## Dataset excerpts
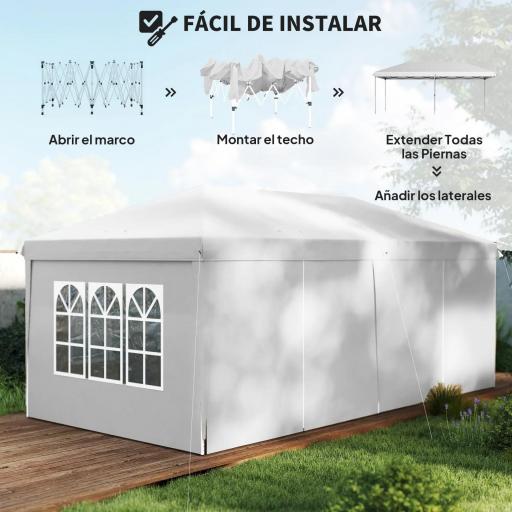 Carpa Plegable 5,85x2,95x2,7 m con 4 Paneles 4 Ventanas 2 Puertas 1 Bolsa Anti-UV y 12 Orificios de Drenaje Blanco [5]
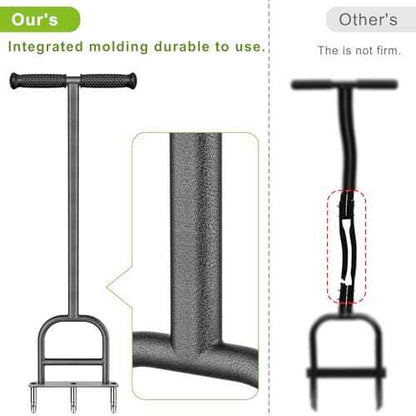 Dolibest Lawn Coring Aerator, Stainless Steel 3 Corer Plug Aerator Tool with Soft Rubber Grip, Manual Grass Aerating Tool, Garden Tool & Cleaning Hand Tool for Loosening Soil and Improving Lawn Health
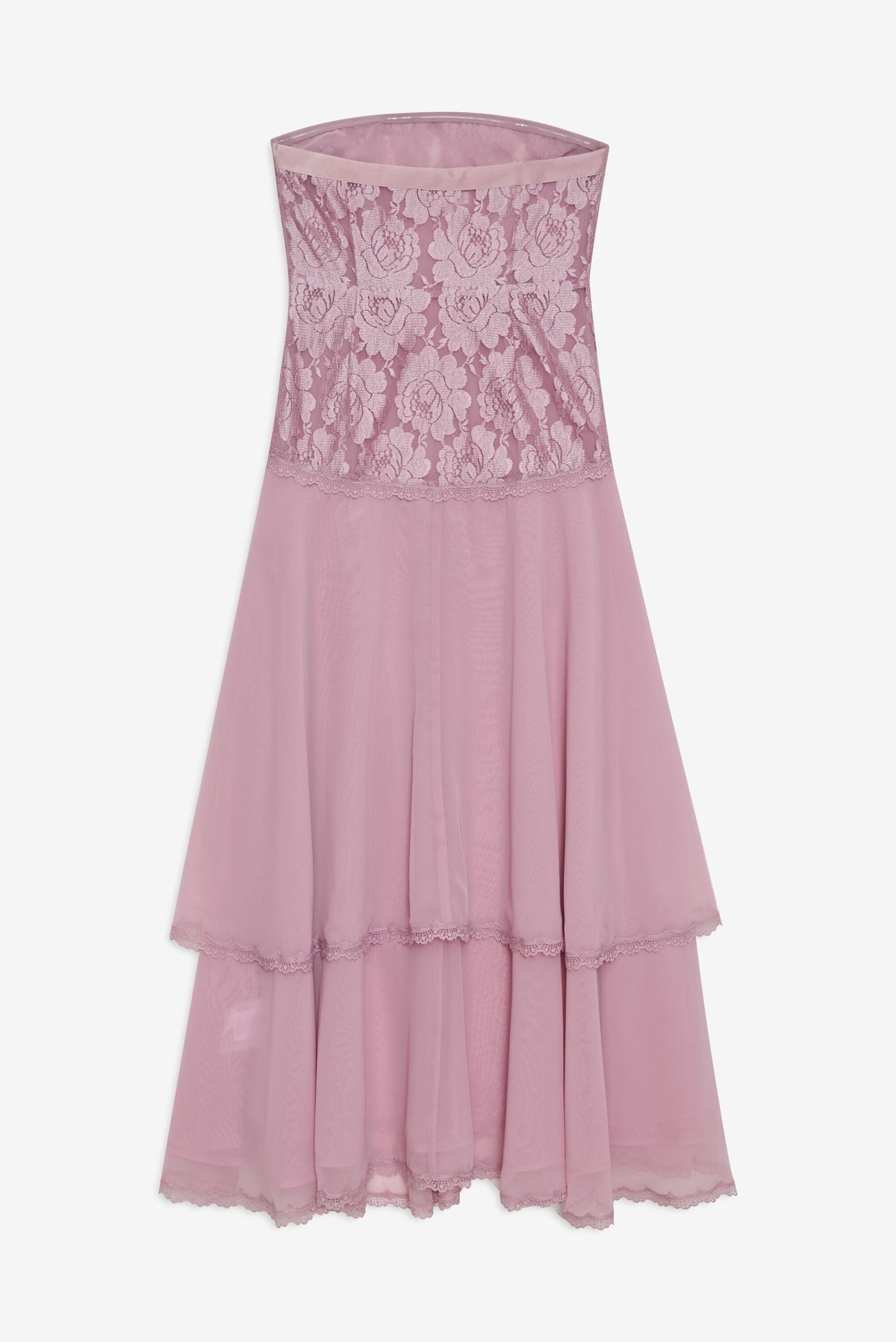 Claudia Rose Lace Strapless Midi Dress - Mulberry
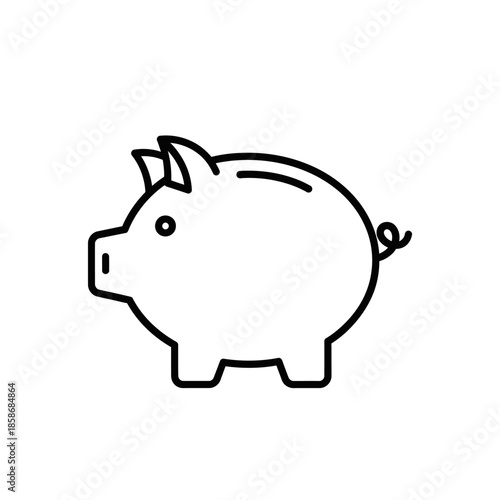 Cute Cartoon Piggy Bank Illustration for Financial Savings Concept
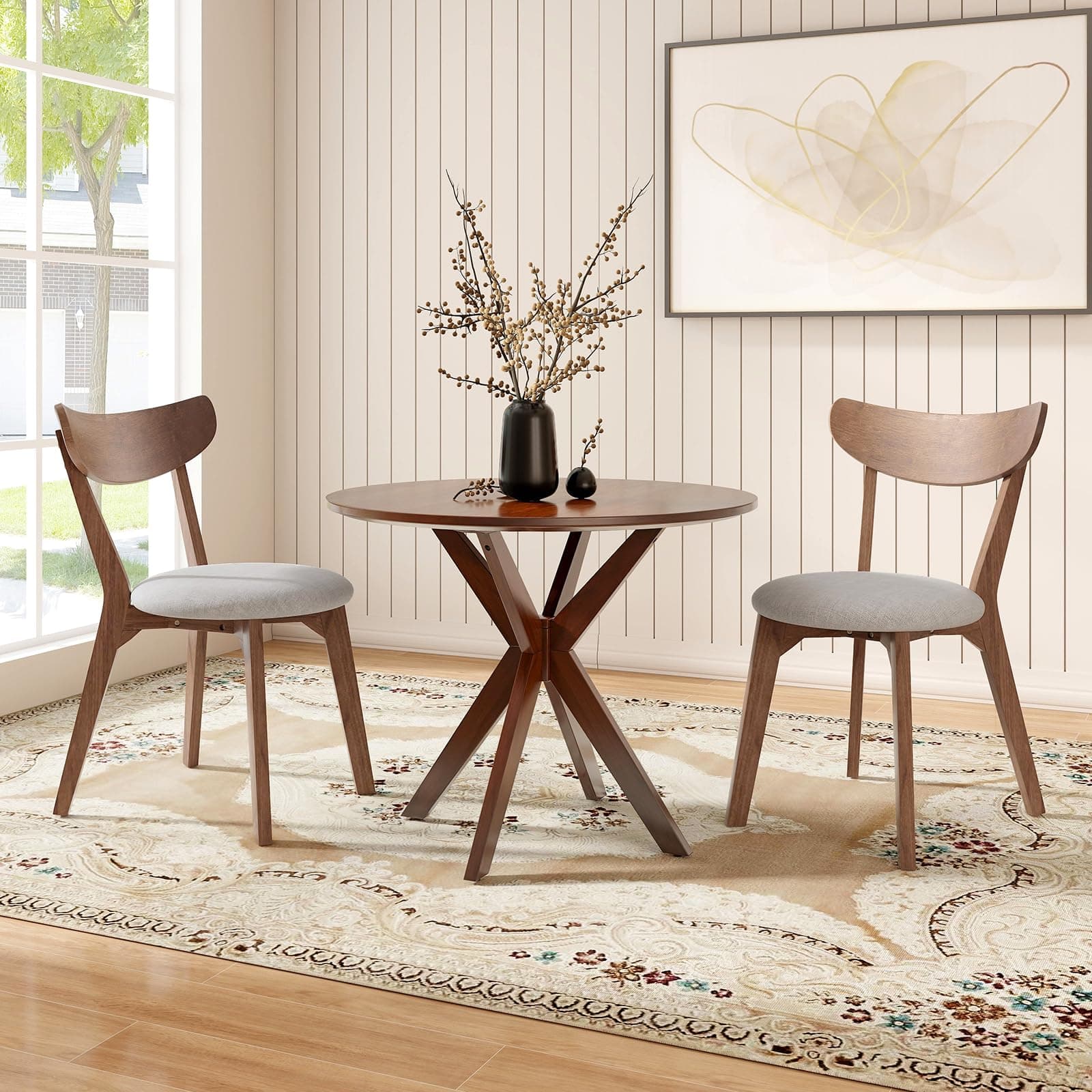 ERGOMASTER 3-Piece Dining Table Set for 2, 36" Kitchen Round Table with 2 Chairs, Rubber Wood Legs, Brown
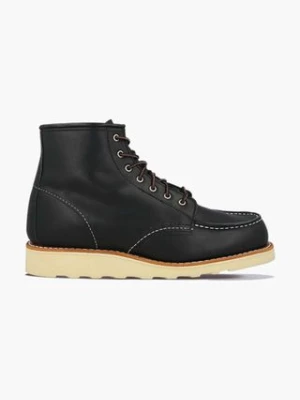 Red Wing botki skórzane 6-inch Moc Toe damskie kolor czarny na płaskim obcasie 3373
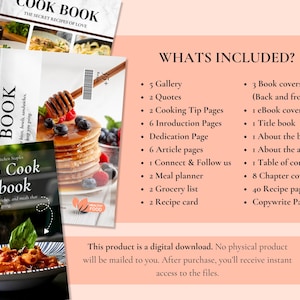 K&ouml;nnte beinhalten: Mehrere Kochb&uuml;cher mit Bildern von Speisen, darunter Pfannkuchen mit Beeren und Honig. Die Titel lauten "COOK BOOK" und "How to Cook Cookbook". Das Bild listet auch den Inhalt des digitalen Downloads auf.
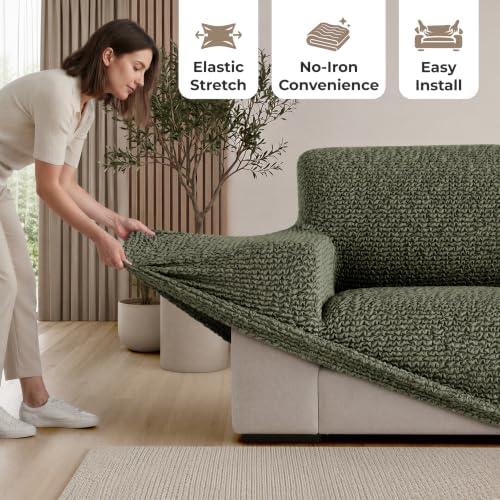 PAULATO Premium Stretch Couch Covers for Sofa - Sofa Chair Cover Washable, Dogs & Pets Friendly - Elastic Polyester Loveseat Slipcovers - Non-Slip Love Seat Couch Covers - Moss Green (40"-63" Wide)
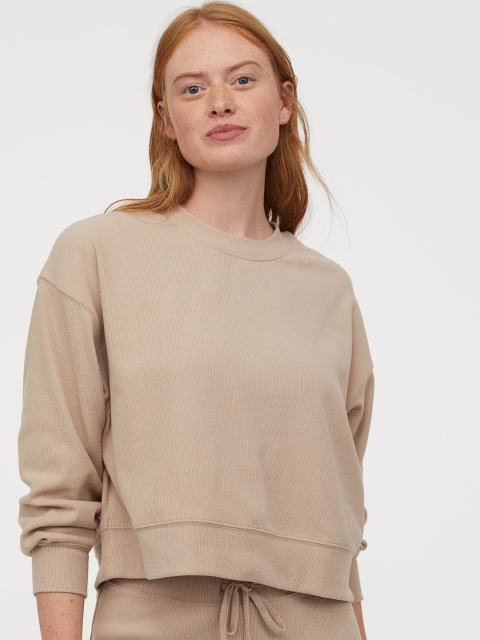 

H&M Women Beige Solid Jersey Sweatshirt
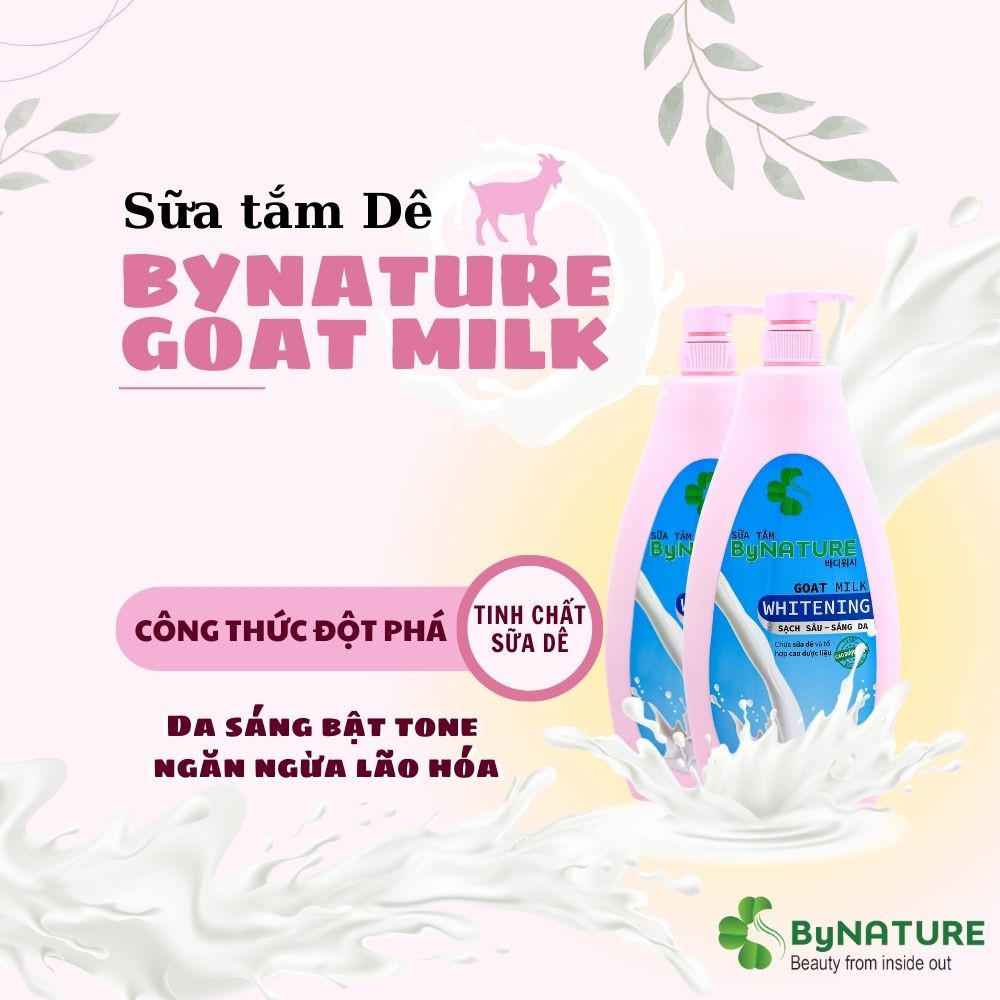 Chai Sữa tắm Dê ByNature Goat Milk 600g với chất sữa mịn màng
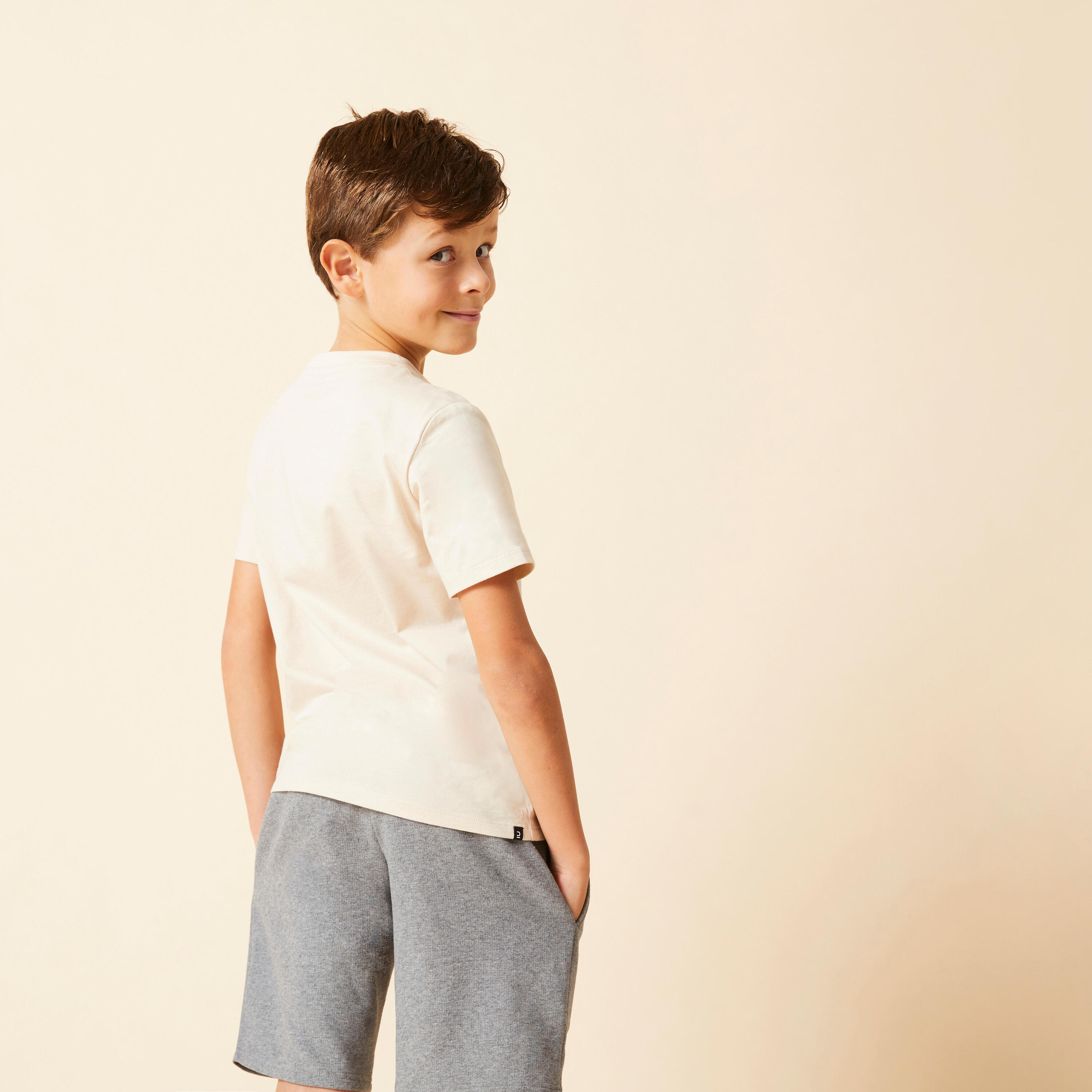 Kids' Unisex Cotton T-Shirt - Beige 4/7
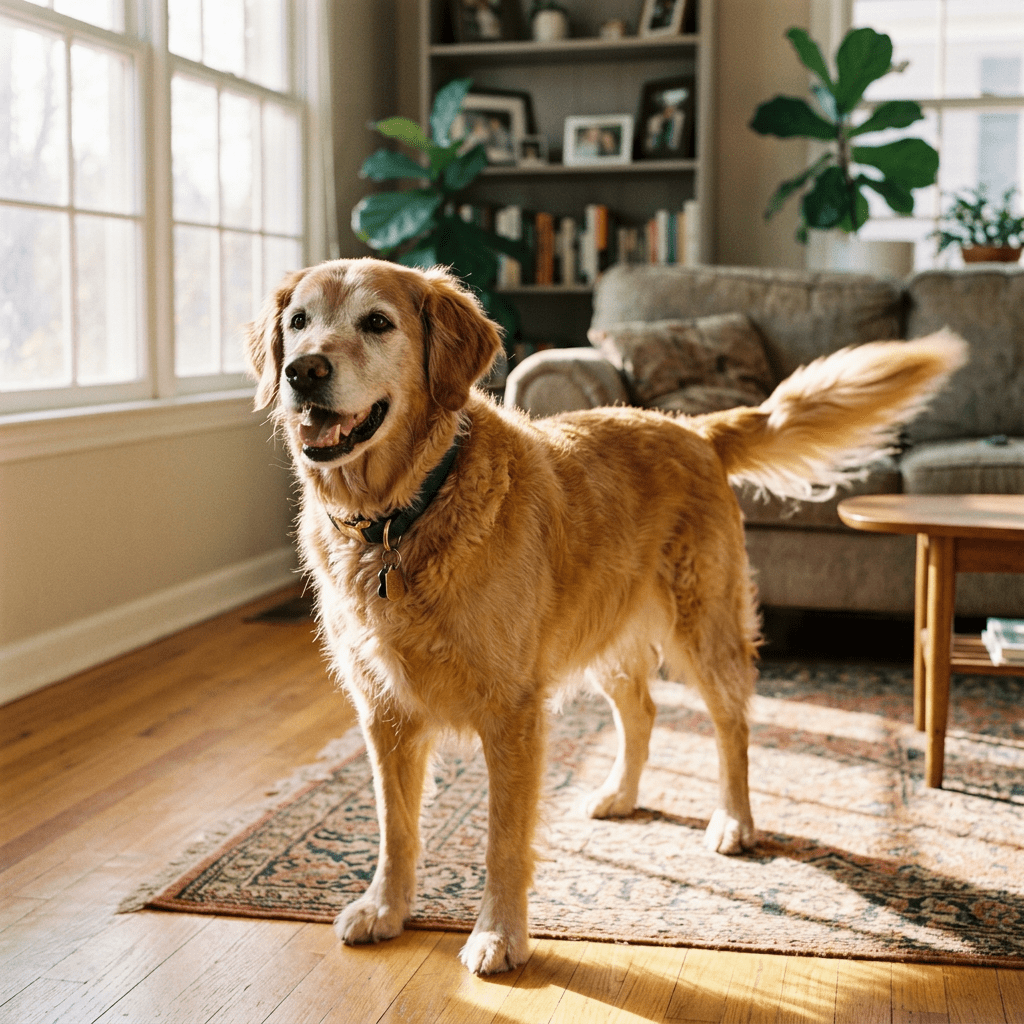 Golden retriever dog standing on patterned rug in living room with sofa and plants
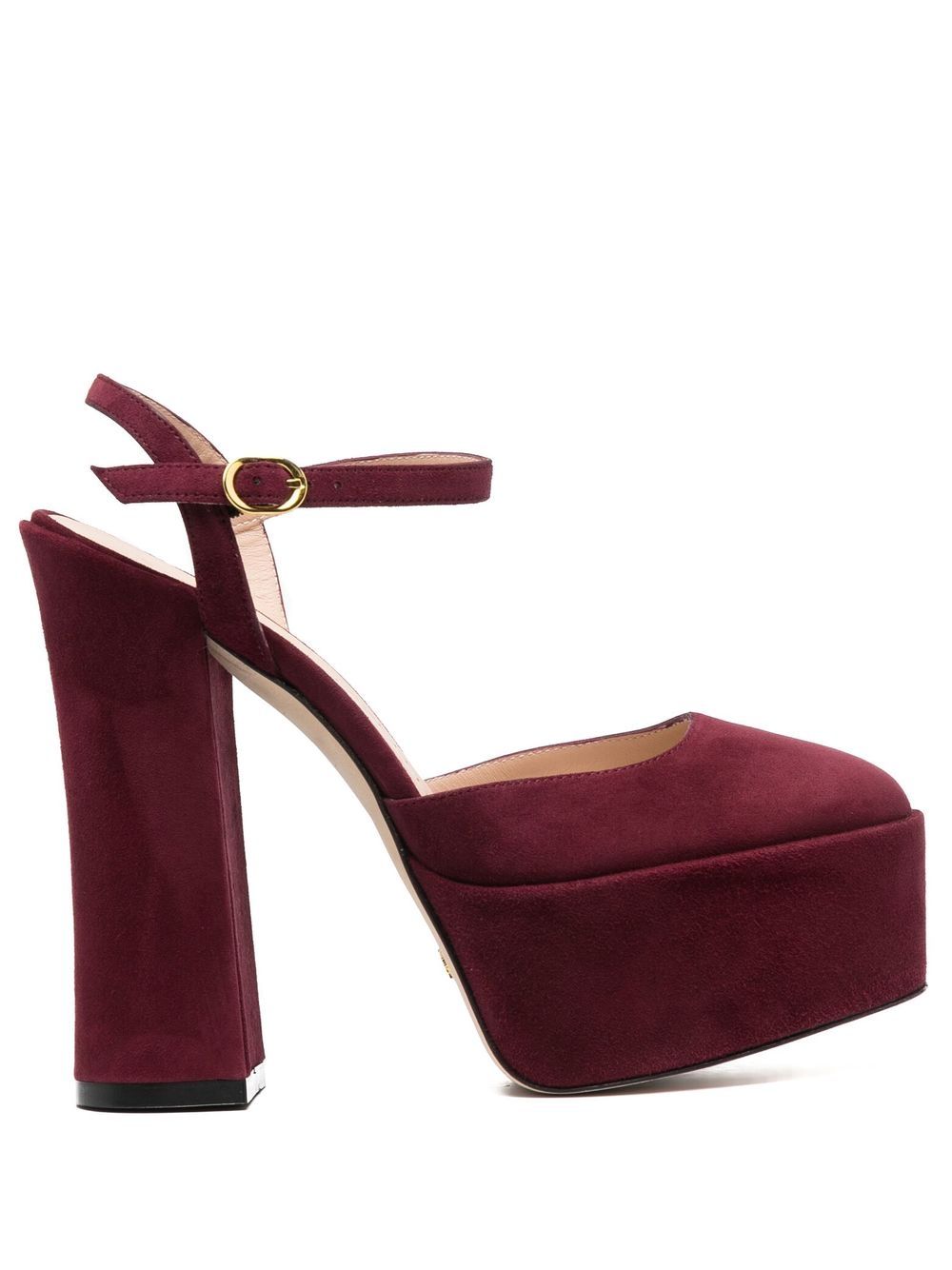 Stuart Weitzman 绒面皮方头水台式高跟鞋 - 红色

## Work required
Please transcribe exactly the lines from the start of the records through the line containing "Dolibest Lawn Coring", leaving the pictures out.

## Task solution
 Carpa Plegable 5,85x2,95x2,7 m con 4 Paneles 4 Ventanas 2 Puertas 1 Bolsa Anti-UV y 12 Orificios de Drenaje Blanco [5]
 Dolibest Lawn Coring Aerator, Stainless Steel 3 Corer Plug Aerator Tool with Soft Rubber Grip, Manual Grass Aerating Tool, Garden Tool & Cleaning Hand Tool for Loosening Soil and Improving Lawn Health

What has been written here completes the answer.